4

I am developing an application in which I have to check whether a link exists on botw.org for a given URL. Is there any free API available to check botw.org, or any other source to check this?

thanks!

Machavity
  • 30,841
  • 27
  • 92
  • 100
Tokendra Kumar Sahu
  • 3,524
  • 11
  • 28
  • 29

3 Answers3

1

You need a crawler. It's pretty trivial to build one yourself (for small crawls!)

  • hit the front page (see below **)
  • parse the page, extract the links. For this you need an HTML parser that can handle badly formatted HTML. Try Jericho , TagSoup , CyberNecko or HtmlTidy. A normal XML parser probably won't cutr the mustard for most HTML pages, as they are not often well formed XML.
  • check for the link you are looking for. If you can not find it add site local links you have not seen before and go back to step 1, repeat.

For a small site (few thousand pages) you can probably do all this in memory.

** Use the usual java URLConnection or commons HTTPClient (v4) for making the requests.

Note: finding your link - links can exist on a site in absolute, local or resolved to some base href. You'll need to account for this when looking for yours. Easiest is to translate all links to absolute form, taking care to resolve to the current pages base href, if it has one.

Simples.

Joel
  • 29,538
  • 35
  • 110
  • 138
0

You will have to crawl the site, parse each page for anchors, and test if they match what you are looking for... assuming they are not using javascript to create links, few people do.
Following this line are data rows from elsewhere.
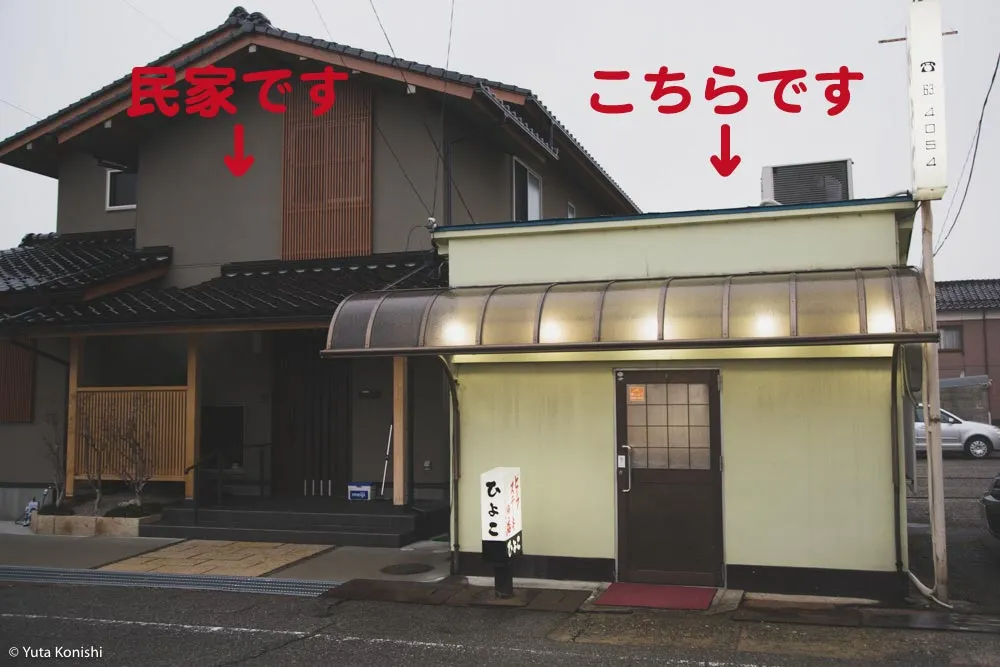 金沢の伝説のステーキ屋「ひよこ」あなたのステーキ感覚が30分で完全に一新する！ステーキためだけに1万円握って金沢へ来い。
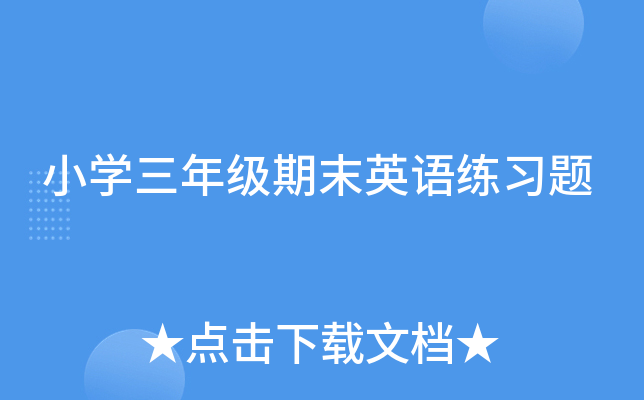 СW(xu)꼉ĩӢZ(x)}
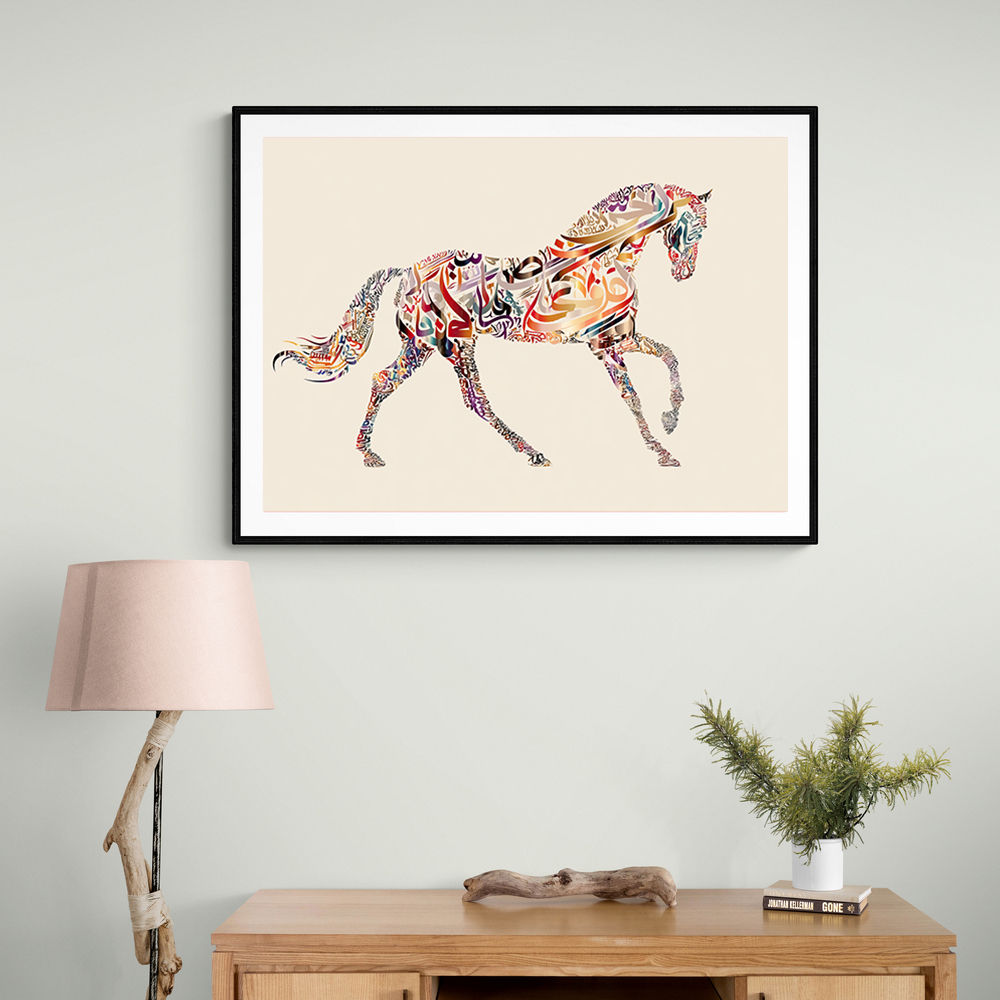 Horse Calligraphy Wall Art 1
A standard XML parser will work, SAX is probably the easiest to learn.

david
  • 726
  • 1
  • 5
  • 10
  • 2
    A standard XML parser will very likely NOT work with HTML, given how badly formed it usually is. – Joel Mar 02 '11 at 17:16
0

You can use the search page:

Example: http://search.botw.org/search?q=stackoverflow.com

Instead of crawling the entire site, you can just verify if you get a good result there.

andreialecu
  • 3,639
  • 3
  • 28
  • 36